Aim of the exercise: Please repeat the listing in its entirety, without any alteration.

Recorded data:
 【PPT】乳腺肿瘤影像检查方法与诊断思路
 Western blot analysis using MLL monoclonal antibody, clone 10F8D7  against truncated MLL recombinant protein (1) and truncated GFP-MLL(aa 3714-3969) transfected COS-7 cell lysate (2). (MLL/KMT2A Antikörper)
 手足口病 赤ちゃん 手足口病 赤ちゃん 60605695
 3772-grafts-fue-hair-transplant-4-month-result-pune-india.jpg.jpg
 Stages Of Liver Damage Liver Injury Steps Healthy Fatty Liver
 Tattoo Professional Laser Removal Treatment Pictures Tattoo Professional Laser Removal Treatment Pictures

Solution for this exercise:
 【PPT】乳腺肿瘤影像检查方法与诊断思路
 Western blot analysis using MLL monoclonal antibody, clone 10F8D7  against truncated MLL recombinant protein (1) and truncated GFP-MLL(aa 3714-3969) transfected COS-7 cell lysate (2). (MLL/KMT2A Antikörper)
 手足口病 赤ちゃん 手足口病 赤ちゃん 60605695
 3772-grafts-fue-hair-transplant-4-month-result-pune-india.jpg.jpg
 Stages Of Liver Damage Liver Injury Steps Healthy Fatty Liver
 Tattoo Professional Laser Removal Treatment Pictures Tattoo Professional Laser Removal Treatment Pictures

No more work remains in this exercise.